Alfonso García Robles was the treaty’s architect, although several other persons were obviously associated with the historic pact. President Adolfo López Mateos first proposed the idea on March 21, 1963, in a letter to the chiefs of state of Bolivia, Brazil, Chile, and Ecuador, and President Gustavo Díaz Ordaz later forcefully endorsed the proposal in his inaugural address. Historians may question whether this treaty stems from Bolivarian or Cold War origins, but it is obviously a classic manifestation of the idealism so characteristic of latino statecraft. When the treaty was signed on February 14, 1967, the United States praised it as a “milestone” in the cause of disarmament and on April 1, 1968, adhered to Protocol II, which guarantees the denuclearization status of Latin America.
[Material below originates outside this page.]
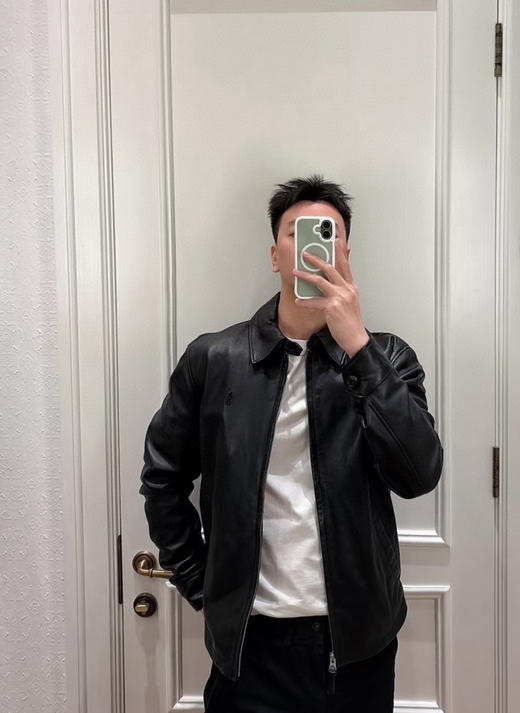 31-7 极限特惠48H 圆正尾货 小马刺绣 黑色翻领绊口 更细腻柔软羔羊皮 男士皮衣夹克外套 老朱穿L 商品图7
The author has previously published several of the documents in his Desnuclearización de la América Latina, which the Carnegie Endowment for International Peace has made available in English. Superior editing is characteristic of both works. One might have wished for a wider range of documents (neither of the sources referred to above appears), but that responsibility may more properly be left to the Secretaría de Relaciones Exteriores. This book, like the Treaty of Tlatelolco, is a personal triumph for its author.